*** Opening of Data records ***

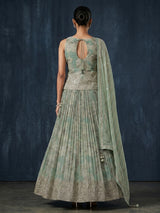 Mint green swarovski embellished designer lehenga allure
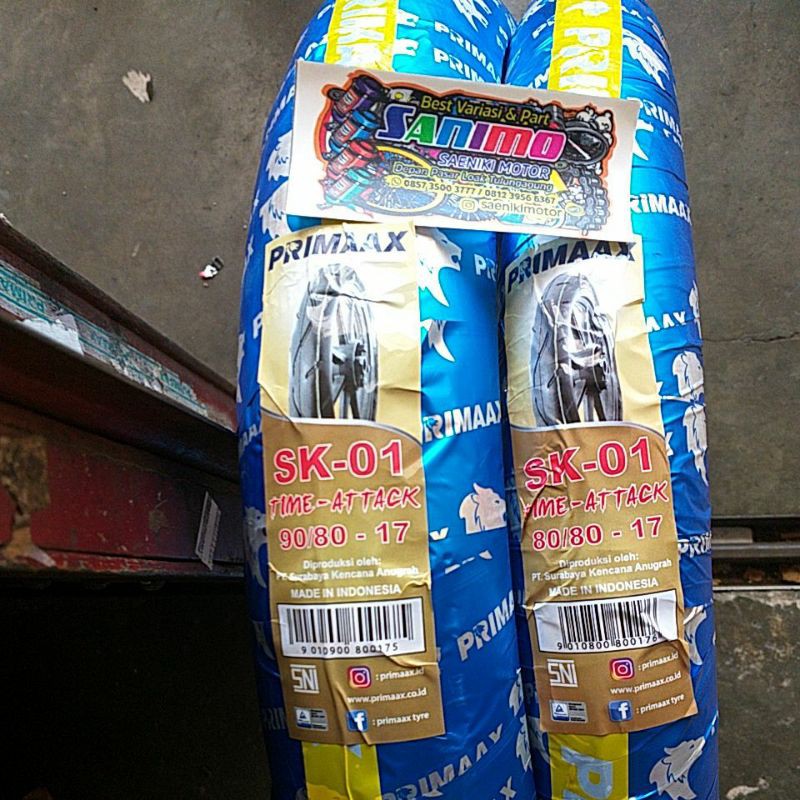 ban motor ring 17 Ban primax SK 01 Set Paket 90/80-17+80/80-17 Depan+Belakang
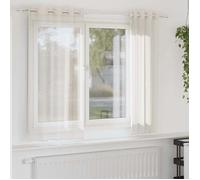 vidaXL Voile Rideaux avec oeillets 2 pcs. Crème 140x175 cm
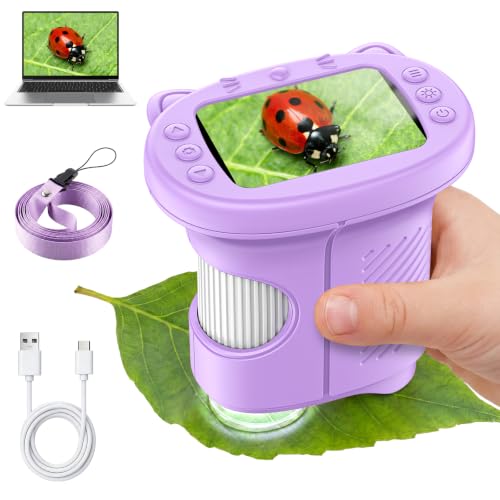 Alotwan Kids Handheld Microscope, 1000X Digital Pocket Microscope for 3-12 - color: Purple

*** Close of Data records ***
*** Opening of Data records ***

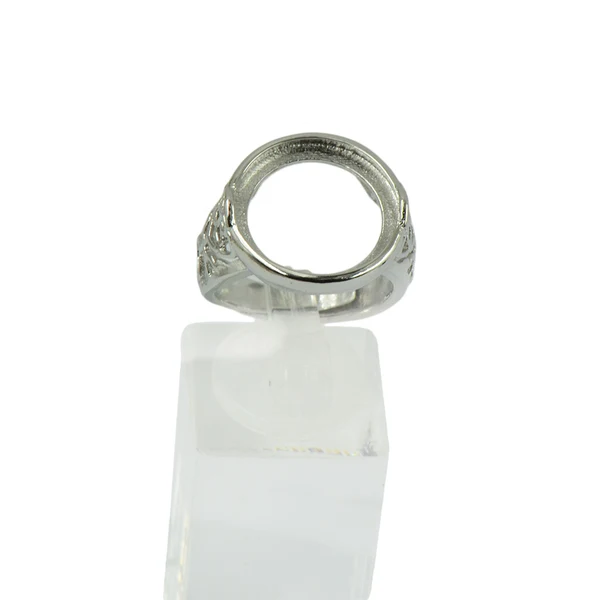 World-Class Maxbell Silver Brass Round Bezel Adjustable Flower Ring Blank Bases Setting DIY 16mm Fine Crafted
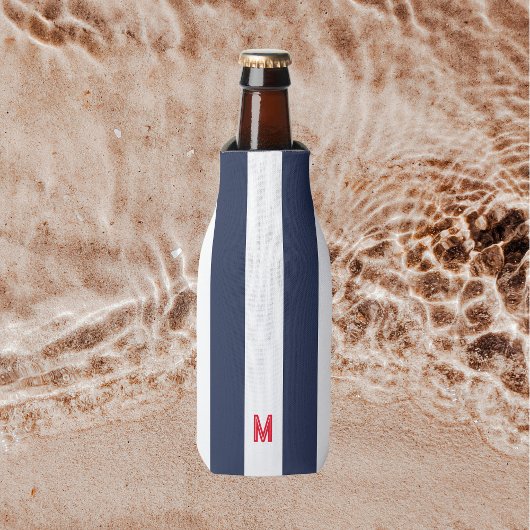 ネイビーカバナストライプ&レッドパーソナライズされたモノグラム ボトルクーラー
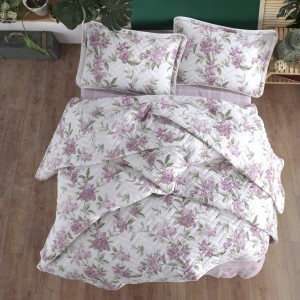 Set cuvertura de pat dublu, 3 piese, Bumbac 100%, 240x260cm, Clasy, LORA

*** Close of Data records ***

Repeat exactly, and only, the entries from the line with "Mint green swarovski" through the line with "Alotwan Kids Handheld". Pictures are skipped.

_Finished task:_
 Mint green swarovski embellished designer lehenga allure
 ban motor ring 17 Ban primax SK 01 Set Paket 90/80-17+80/80-17 Depan+Belakang
 vidaXL Voile Rideaux avec oeillets 2 pcs. Crème 140x175 cm
 Alotwan Kids Handheld Microscope, 1000X Digital Pocket Microscope for 3-12 - color: Purple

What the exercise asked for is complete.